Let us first draw the vector diagram of the three given vectors. It is given that the directions of the three vectors are along the sides of an equilateral triangle. The vector diagram will be as given below.

Let us rearrange the vectors and then draw them with respect to the Cartesian plane as shown below.

Resolve the vectors of 2 and 3 units into x and y components.

Here, the vector of 2 units is making an angle of 30$^{\text{0}}$ with the y-axis. Therefore, y component of the 2 unit vector will be $2\cos {{30}^{0}}=2\times \dfrac{\sqrt{3}}{2}=\sqrt{3}$ units in the upward direction. And the x component of this vector will be $2\sin {{30}^{0}}=2\times \dfrac{1}{2}=1$ units in the negative x-axis direction (towards left).

Here, the vector of 3 units is making an angle of 30$^{\text{0}}$ with the negative y-axis. Therefore, y component of the 3 unit vector will be $3\cos {{30}^{0}}=3\times \dfrac{\sqrt{3}}{2}=\dfrac{3\sqrt{3}}{2}$ units in the downwards direction. And the x component of this vector will be $3\sin {{30}^{0}}=3\times \dfrac{1}{2}=\dfrac{3}{2}$ units in the negative x-axis direction (towards left).

And the 1 unit vector is directed towards positive x-axis.

After resolving all the vectors into their x and y components we get,

As you can see, there are two vectors along the y-axis, $\sqrt{3}$ units upwards and $\dfrac{3\sqrt{3}}{2}$ units downwards. Therefore, the net vector in the upward direction (positive y-axis) is $\sqrt{3}-\dfrac{3\sqrt{3}}{2}=-\dfrac{\sqrt{3}}{2}$units. This means that the net vector along the y-axis is of $\dfrac{\sqrt{3}}{2}$units and in the negative y-axis direction.

There are three vectors along the x-axis, 1 plus $\dfrac{3}{2}$ units in the negative x-axis direction and 1 unit in the positive x-axis direction. Therefore, the net vector along the positive x-axis direction is $1-\left( 1+\dfrac{3}{2} \right)=-\dfrac{3}{2}$units.
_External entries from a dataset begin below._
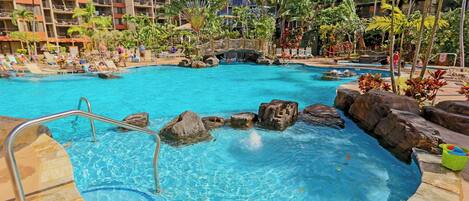 Una piscina climatizada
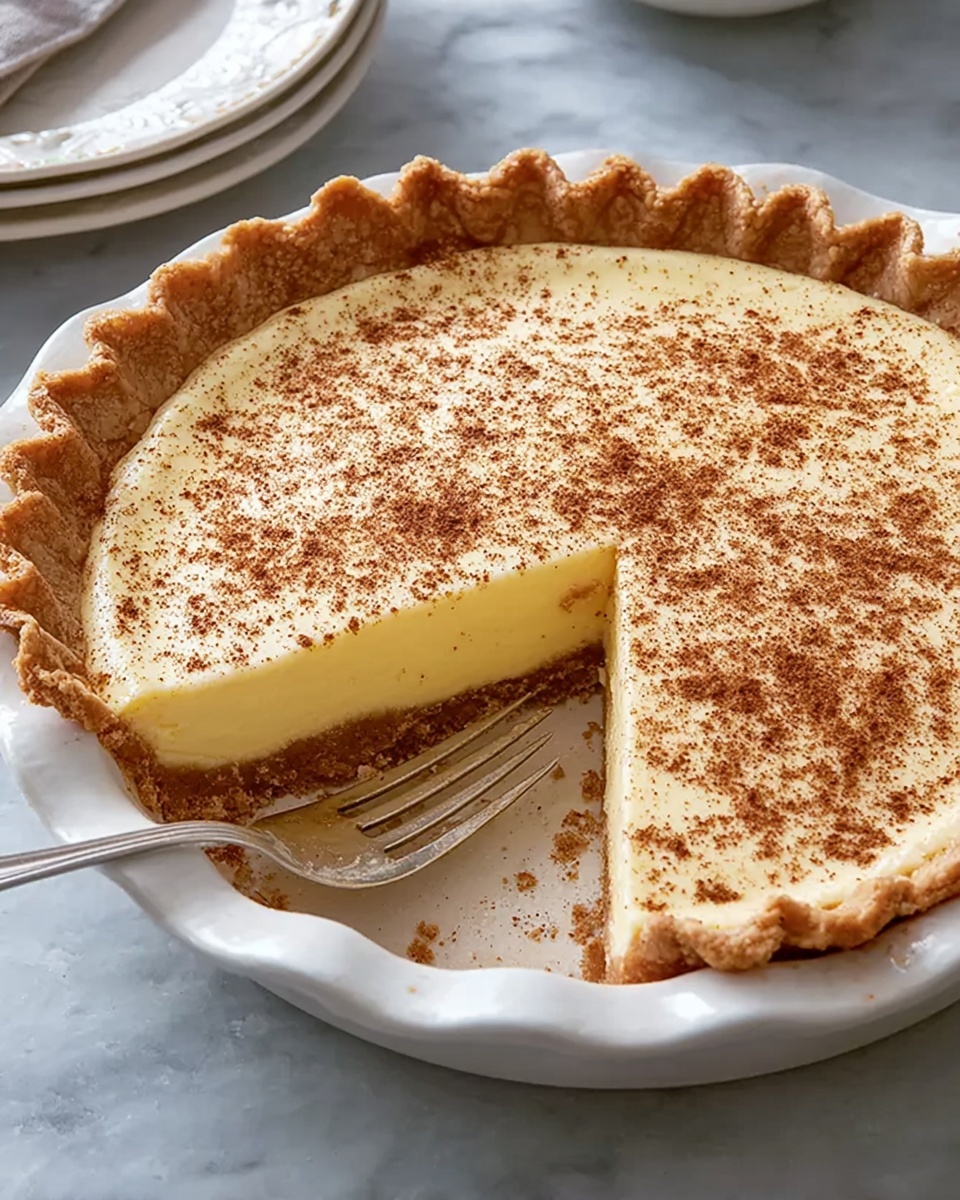 Classic Vanilla Custard Pie Recipe - Recipe Image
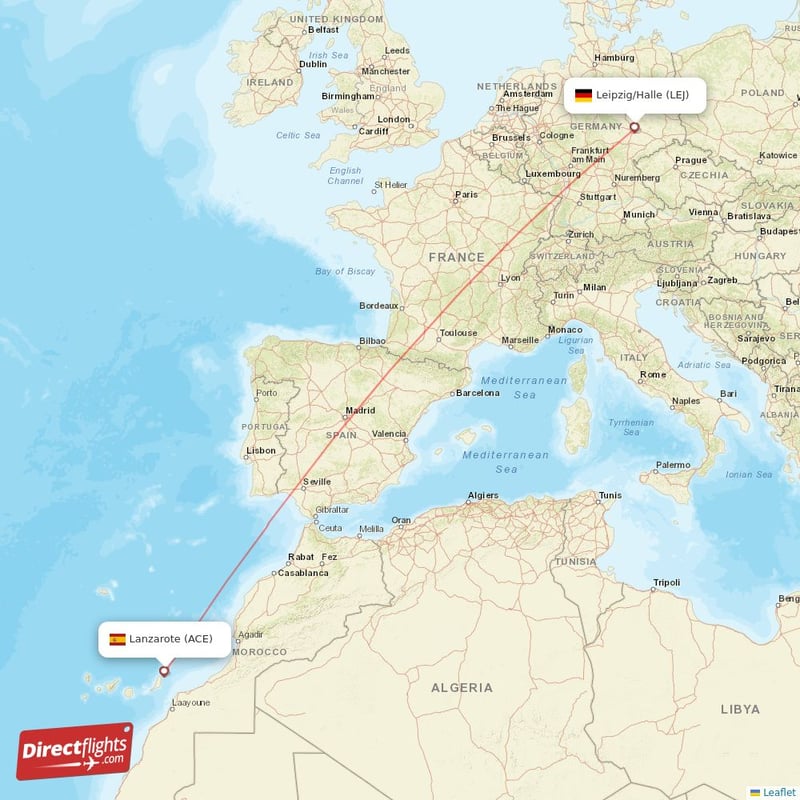 ACE - LEJ route map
This means that the net vector along the x-axis is of $\dfrac{3}{2}$units and in the negative x-axis direction.

Hence, the vector diagram can be simplified to:

Now, let the resultant of these vectors be R and let it make an angle $\alpha $ with the negative x-axis.

From the above diagram we get that the magnitude of the resultant vector is,

$R=\sqrt{{{\left( \dfrac{\sqrt{3}}{2} \right)}^{2}}+{{\left( \dfrac{3}{2} \right)}^{2}}}=\sqrt{\dfrac{3}{4}+\dfrac{9}{4}}=\sqrt{\dfrac{12}{4}}=\sqrt{3}$units

And $\cos \alpha =\dfrac{\dfrac{3}{2}}{R}=\dfrac{3}{2\sqrt{3}}=\dfrac{\sqrt{3}}{2}$.

We know that $\cos {{30}^{0}}=\dfrac{\sqrt{3}}{2}$.

Therefore, $\alpha ={{30}^{0}}$.

This means that the resultant vector makes an angle of ${{30}^{0}}$ with negative x-axis and we know that the vector of 1 unit is along the positive x-axis. Therefore, the resultant vector makes angle of ${{180}^{0}}-{{30}^{0}}={{150}^{0}}$ with the first vector.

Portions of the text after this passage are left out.